Faith learns to trust that the Lord will do right.


I. The Righteous Judge sees righteousness (Genesis 18:1-8)
II. The Righteous Judge sees doubt (Genesis 18:9-15)
III. The Righteous Judge sees sin (Genesis 18:16-21)
IV. The Righteous Judge does right (Genesis 18:22-33)


        One of my favorite moments in the writings of C. S. Lewis is in the science fiction novel Perelandra. The novel is set on the planet Venus, conceived by Lewis in 1944 as a warm watery world with floating islands of abundant vegetation. The main character is named Ransom, and his enemy is Westron, an atheist scientist more and more controlled by Satan. At several points in the novel they more or less debate theology, and in one of these Westron admits that there is such a thing as spiritual reality and even of spirits; that he is being used by spirit for a purpose. Ransom says “Look here, one wants to be careful about this sort of thing. There are spirits and spirits, you know.” “Eh?” said Westron. “What are you talking about?” “I mean a thing might be a spirit and not be good.” “But I thought you agreed that spirit was good? I thought you religious people were all out for spirituality? Didn’t we agree that God is a spirit? Don’t you worship Him because he is pure spirit?” “Heavens no!” Ransom replies, “We worship Him because He is wise and good.”

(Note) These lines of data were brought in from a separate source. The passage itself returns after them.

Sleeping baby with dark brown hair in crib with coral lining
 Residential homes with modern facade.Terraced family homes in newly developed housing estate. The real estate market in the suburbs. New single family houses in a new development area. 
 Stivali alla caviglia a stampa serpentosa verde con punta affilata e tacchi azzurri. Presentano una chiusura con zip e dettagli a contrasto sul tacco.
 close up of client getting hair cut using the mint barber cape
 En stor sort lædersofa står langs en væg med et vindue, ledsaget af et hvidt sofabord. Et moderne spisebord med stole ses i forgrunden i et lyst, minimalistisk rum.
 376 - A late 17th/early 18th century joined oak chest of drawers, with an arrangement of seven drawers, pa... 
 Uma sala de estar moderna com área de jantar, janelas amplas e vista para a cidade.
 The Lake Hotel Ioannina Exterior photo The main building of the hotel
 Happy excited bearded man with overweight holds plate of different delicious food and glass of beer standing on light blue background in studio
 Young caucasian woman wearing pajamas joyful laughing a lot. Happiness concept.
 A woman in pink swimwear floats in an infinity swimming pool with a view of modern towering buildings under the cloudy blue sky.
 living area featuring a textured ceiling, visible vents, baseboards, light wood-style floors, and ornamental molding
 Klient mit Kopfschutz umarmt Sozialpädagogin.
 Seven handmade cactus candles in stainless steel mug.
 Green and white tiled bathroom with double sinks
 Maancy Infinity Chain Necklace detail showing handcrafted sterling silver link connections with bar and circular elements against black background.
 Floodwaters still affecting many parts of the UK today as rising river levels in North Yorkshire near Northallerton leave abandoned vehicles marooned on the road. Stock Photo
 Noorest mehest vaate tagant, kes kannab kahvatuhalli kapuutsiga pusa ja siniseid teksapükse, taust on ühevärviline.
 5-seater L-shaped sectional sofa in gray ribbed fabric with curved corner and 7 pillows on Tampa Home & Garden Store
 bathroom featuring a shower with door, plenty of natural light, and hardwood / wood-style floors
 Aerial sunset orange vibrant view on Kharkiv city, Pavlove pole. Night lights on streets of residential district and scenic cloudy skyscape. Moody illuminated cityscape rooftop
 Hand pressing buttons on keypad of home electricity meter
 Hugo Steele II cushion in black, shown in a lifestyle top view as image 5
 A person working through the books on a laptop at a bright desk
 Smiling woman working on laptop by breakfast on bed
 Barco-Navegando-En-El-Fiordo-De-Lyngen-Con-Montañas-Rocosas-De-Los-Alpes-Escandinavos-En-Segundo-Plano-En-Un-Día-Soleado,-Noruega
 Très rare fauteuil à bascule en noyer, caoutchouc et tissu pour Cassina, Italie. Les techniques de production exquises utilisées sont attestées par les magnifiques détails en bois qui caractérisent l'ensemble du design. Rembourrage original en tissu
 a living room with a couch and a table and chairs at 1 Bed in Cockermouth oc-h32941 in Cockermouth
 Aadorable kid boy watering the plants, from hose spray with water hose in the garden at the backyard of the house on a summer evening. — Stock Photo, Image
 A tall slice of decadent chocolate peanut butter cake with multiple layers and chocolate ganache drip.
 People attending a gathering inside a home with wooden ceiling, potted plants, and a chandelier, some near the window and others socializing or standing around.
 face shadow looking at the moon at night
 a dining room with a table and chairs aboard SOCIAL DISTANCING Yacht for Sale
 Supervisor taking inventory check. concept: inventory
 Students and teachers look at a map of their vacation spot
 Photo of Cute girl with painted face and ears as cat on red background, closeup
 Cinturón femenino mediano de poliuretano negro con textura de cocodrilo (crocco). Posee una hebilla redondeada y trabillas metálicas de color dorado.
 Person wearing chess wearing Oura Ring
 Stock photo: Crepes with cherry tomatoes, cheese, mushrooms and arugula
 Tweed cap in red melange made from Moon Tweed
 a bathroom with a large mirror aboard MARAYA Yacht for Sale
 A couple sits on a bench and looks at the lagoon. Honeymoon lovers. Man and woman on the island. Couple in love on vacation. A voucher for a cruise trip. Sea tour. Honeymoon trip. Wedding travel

        That line has long stuck in my head: “We worship him because he is good.” Not because he’s ‘Spirit’, not just because he is all powerful, all knowing or everywhere present, but because he’s good: just, loving and merciful. Yet it’s the very goodness of God that causes many to stumble. There are circumstances and times in people’s lives that cause us to wonder whether God is good, whether justice happens, whether mercy is shown to the needy, whether God intervenes to care for his people. I’m sadly certain you can look at your life or the lives of your friends and think of some situation in which God could have intervened to do good or to justice, and from your perspective he just didn’t. I also hope, though, that you can see times when God truly intervened for good. I think one of the hallmarks of growing faith is a growing ability to trust that though God is God and we can never fully understand his ways, he is working for good. In Genesis chapter 18 we see Abraham learning to trust that the Lord, the righteous judge, will do right. You and I need to be at the place where faith learns to trust that the Lord will do right.

I. The Righteous Judge sees righteousness (Genesis 18:1-8)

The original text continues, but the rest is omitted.